Hi I have turned on buffer cycling placing following commands in my .emacs
(global-set-key (kbd "<C-tab>") 'bury-buffer)
But while cycling how do I avoid cycling thro开发者_JAVA百科ugh the Messages and the scrratch buffers which are always present in any emacs buffer list. I never use those buffers and become an eye-sore when cycling through my buffer-list
If you never use the scratch buffer, just add this to your .emacs to automatically close it:
(kill-buffer "*scratch*")
I also found this code on the Emacs wiki which should do what you want:
; necessary support function for buffer burial
(defun crs-delete-these (delete-these from-this-list)
"Delete DELETE-THESE FROM-THIS-LIST."
(cond
((car delete-these)
(if (member (car delete-these) from-this-list)
(crs-delete-these (cdr delete-these) (delete (car delete-these)
from-this-list))
(crs-delete-these (cdr delete-these) from-this-list)))
(t from-this-list)))
; this is the list of buffers I never want to see
(defvar crs-hated-buffers
'("KILL" "*Compile-Log*"))
; might as well use this for both
(setq iswitchb-buffer-ignore (append '("^ " "*Buffer") crs-hated-buffers))

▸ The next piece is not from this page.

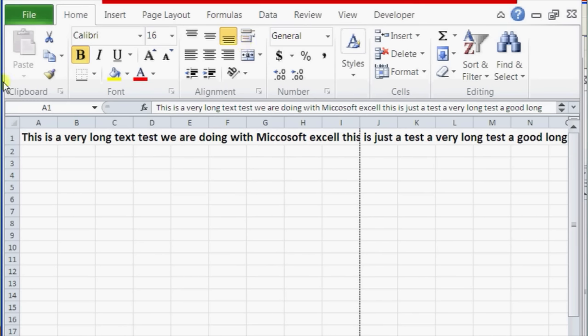Hi, I'm Christina, and today I'm going to show you how to fit long text in Microsoft Excel. So we open up our Microsoft Excel here. You see we have a little test line right here that actually goes outside of the page.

(defun crs-hated-buffers ()
"List of buffers I never want to see, converted from names to buffers."
(delete nil
(append
(mapcar 'get-buffer crs-hated-buffers)
(mapcar (lambda (this-buffer)
(if (string-match "^ " (buffer-name this-buffer))
this-buffer))
(buffer-list)))))
; I'm sick of switching buffers only to find KILL right in front of me
(defun crs-bury-buffer (&optional n)
(interactive)
(unless n
(setq n 1))
(let ((my-buffer-list (crs-delete-these (crs-hated-buffers)
(buffer-list (selected-frame)))))
(switch-to-buffer
(if (< n 0)
(nth (+ (length my-buffer-list) n)
my-buffer-list)
(bury-buffer)
(nth n my-buffer-list)))))
(global-set-key [(control tab)] 'crs-bury-buffer)
(global-set-key [(control meta tab)] (lambda ()
(interactive)
(crs-bury-buffer -1)))
You will need to add the scratch and message buffers to the variable crs-hated-buffers
, e.g.:
(add-to-list 'crs-hated-buffers "*Messages*")
(add-to-list 'crs-hated-buffers "*scratch*")
Luke's answered your specific question. In my personal experience buffer cycling is more useful as a most-recently-used stack instead of the Emacs default cycling functions. That is, the buffers you most recently used should bubble to the top of the stack, similar to how alt-tab works in Windows.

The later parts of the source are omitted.